Семейная их жизнь не столько тихая гавань, сколько тусклое болото: "Они жили в отстраненности; не на людях были на Вы, на людях преодолевали привычку, стараясь быть как все, на ты, и даже подтрунивали друг над другом, изображая человеческие отношения, которые заменяла искусственность, как только оставались вдвоем".

Да и на собственную персону они махнули рукой: "Она не любила социальные сети, вечеринки, сплетни, фуршеты, не умела хвастаться, не любила рассказывать о себе, фотографировать и показывать свои снимки".

Персонажи эти, в общем, догадались, что жизнь их проходит впустую: "Я не взваливал на себя непосильной ноши, жил тихо, никуда не спешил, выпивал, незаметно спиваясь, любил всю жизнь только одну женщину, подвигов не совершал, налево не шастал, неудачи мои были маленькие, слава негромкой. Естественным образом израсходовался. Остыл, как чай".

Важной чертой ивановских персонажей следует назвать их принадлежность к "русскому миру"; они не вполне интегрированы в человеческое сообщество, как в Таллине, так и в иных местностях. Героям свойствен "психологический изъян – поставить все с ног на голову и рвать на себе волосы, то есть повести себя неожиданным образом, вдруг стать для всех и для себя самого неузнаваемым".

Эта принадлежность к чему-то несуществующему и несущественному, с одной стороны, и частичная оторванность от реальной жизни – с другой, порождают феномен утраты памяти, которую подменяет чувственная рефлексия. Человек восстанавливает свои впечатления и реакции, но не факты.

В каждой квартире должен быть крюк, чтобы можно было повеситься

Вполне можно допустить, что такой образ жизни и строй души характерен для несчастных и проигравших людей. Своеобразным апофеозом подобного существования можно назвать описание одним из героев романа так поразившего его надгробия Дж. Пезаро во Фрари. "Восемь грандиозных мавров, одетых в белые мраморные одежды, несут на своих плечах слепленный из человеческих костей, горестей, печалей, алчности и похоти трон, на котором восседает веселящийся в кокаиновом припадке скелет".

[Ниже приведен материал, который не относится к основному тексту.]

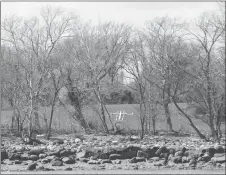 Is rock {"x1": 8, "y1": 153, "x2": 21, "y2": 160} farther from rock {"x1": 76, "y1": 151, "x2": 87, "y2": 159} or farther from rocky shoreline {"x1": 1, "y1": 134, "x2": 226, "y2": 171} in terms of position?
rock {"x1": 76, "y1": 151, "x2": 87, "y2": 159}

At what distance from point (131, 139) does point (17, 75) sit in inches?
330

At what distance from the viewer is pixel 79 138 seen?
33562 mm

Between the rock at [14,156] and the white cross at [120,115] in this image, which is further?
the white cross at [120,115]

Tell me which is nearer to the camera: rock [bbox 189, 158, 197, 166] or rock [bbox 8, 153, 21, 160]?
rock [bbox 189, 158, 197, 166]

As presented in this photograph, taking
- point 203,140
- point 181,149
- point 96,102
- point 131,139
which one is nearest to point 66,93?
point 96,102

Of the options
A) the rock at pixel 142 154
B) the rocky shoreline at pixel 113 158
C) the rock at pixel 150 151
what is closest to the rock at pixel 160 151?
the rocky shoreline at pixel 113 158

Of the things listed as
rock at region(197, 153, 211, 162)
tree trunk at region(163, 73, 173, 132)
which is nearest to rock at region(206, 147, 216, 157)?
rock at region(197, 153, 211, 162)

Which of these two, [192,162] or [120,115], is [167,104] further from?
[192,162]

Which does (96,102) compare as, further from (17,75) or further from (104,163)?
(104,163)

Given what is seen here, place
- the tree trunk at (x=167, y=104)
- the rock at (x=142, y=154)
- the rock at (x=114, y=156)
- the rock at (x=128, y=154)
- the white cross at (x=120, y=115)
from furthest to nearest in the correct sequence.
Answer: the white cross at (x=120, y=115) < the tree trunk at (x=167, y=104) < the rock at (x=128, y=154) < the rock at (x=142, y=154) < the rock at (x=114, y=156)

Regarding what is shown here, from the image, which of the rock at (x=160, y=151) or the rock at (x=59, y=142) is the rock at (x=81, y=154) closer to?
the rock at (x=160, y=151)

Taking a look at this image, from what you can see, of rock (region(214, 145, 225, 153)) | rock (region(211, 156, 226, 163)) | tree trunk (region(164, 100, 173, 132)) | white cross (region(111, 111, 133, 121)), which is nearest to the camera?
rock (region(211, 156, 226, 163))

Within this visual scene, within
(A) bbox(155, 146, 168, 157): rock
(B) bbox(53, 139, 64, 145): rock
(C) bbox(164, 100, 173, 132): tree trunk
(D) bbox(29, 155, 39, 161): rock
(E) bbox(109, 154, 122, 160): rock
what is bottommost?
(D) bbox(29, 155, 39, 161): rock

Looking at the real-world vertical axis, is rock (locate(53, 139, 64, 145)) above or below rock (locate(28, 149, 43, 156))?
above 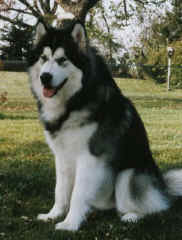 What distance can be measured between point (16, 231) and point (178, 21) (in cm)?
2899

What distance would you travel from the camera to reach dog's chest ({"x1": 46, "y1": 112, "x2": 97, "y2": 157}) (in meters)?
3.33

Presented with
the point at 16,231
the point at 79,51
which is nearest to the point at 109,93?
the point at 79,51

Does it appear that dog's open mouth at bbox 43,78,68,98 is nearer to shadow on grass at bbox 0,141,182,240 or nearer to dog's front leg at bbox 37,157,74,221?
dog's front leg at bbox 37,157,74,221

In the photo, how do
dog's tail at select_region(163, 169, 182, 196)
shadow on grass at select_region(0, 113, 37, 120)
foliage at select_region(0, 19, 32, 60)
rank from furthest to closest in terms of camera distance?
foliage at select_region(0, 19, 32, 60) < shadow on grass at select_region(0, 113, 37, 120) < dog's tail at select_region(163, 169, 182, 196)

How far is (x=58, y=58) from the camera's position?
324 centimetres

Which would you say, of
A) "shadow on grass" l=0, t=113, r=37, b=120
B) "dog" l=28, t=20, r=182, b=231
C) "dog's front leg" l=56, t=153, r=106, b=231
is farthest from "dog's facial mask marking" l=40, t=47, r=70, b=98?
"shadow on grass" l=0, t=113, r=37, b=120

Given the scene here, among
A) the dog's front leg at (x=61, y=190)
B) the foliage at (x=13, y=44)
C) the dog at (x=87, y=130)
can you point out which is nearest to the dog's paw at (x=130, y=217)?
the dog at (x=87, y=130)

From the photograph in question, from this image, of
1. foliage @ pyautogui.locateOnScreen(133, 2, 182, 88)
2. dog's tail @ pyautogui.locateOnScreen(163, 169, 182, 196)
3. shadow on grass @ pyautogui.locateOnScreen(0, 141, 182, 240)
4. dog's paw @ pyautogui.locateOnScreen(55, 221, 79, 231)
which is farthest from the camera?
foliage @ pyautogui.locateOnScreen(133, 2, 182, 88)

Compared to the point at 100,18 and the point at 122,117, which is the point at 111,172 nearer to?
the point at 122,117

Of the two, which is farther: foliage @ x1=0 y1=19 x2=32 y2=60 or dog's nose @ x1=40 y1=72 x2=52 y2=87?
foliage @ x1=0 y1=19 x2=32 y2=60

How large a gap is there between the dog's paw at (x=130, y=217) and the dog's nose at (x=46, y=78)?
147cm

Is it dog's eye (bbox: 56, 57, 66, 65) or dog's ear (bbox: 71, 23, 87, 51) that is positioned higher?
dog's ear (bbox: 71, 23, 87, 51)

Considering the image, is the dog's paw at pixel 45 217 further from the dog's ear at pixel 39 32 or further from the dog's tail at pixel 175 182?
the dog's ear at pixel 39 32

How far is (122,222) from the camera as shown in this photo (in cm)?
354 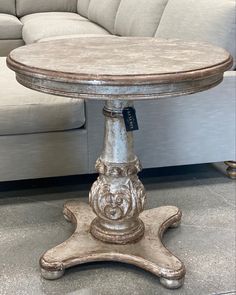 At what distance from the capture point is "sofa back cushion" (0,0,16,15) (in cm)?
385

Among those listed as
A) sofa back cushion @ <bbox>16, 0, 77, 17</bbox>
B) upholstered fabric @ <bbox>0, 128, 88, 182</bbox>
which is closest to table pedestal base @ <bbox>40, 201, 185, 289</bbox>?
upholstered fabric @ <bbox>0, 128, 88, 182</bbox>

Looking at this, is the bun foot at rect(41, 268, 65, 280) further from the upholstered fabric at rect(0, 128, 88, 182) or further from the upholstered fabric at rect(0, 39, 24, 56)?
the upholstered fabric at rect(0, 39, 24, 56)

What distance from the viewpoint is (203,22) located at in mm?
1795

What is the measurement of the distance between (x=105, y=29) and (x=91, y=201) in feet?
5.85

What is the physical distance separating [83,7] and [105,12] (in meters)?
0.77

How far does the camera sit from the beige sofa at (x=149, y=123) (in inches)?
67.3

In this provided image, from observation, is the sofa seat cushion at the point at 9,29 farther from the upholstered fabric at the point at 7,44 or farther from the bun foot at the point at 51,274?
the bun foot at the point at 51,274

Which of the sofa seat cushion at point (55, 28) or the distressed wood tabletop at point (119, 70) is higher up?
the distressed wood tabletop at point (119, 70)

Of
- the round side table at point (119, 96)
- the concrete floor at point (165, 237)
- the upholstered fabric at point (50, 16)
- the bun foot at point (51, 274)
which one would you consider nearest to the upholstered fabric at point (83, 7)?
the upholstered fabric at point (50, 16)

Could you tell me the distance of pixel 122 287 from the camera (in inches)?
54.3

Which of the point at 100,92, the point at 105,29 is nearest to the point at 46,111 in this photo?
the point at 100,92

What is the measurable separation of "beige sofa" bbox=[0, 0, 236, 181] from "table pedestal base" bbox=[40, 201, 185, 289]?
33 centimetres

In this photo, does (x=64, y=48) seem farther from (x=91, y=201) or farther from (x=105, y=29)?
(x=105, y=29)

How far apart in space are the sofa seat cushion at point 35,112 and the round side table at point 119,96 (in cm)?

Персонажи Иванова не строят иллюзий относительно будущего: "Когда-нибудь мир не выдержит и как песочный замок расползется, мешаясь с водорослями и ракушками". Возможно, проще и быстрее прервать самому: "В каждой квартире должен быть крюк, чтобы можно было повеситься".

Впрочем, башковитые существа не всегда поддаются отчаянию и пытаются найти жизненные якоря. На одной странице романа появляется безумный собиратель велосипедов, прозвавший себя современным Пер Гюнтом; так вот, главные герои Иванова, если и не коллекционируют, то, во всяком случае, велосипеды изобретают. Якорями, которыми можно прочно зацепиться за краешек вселенной, они считают творчество, любовь и потомство.

Но металл этих якорей изъеден ржавчиной рефлексии. Герои допускают, что "в игрушках пятилетнего малыша смысла в миллион раз больше, чем во всей взрослой жизни", но их пугает собственный эгоизм, с которым они перекладывают ответственность за собственное существование на хрупкие детские плечики.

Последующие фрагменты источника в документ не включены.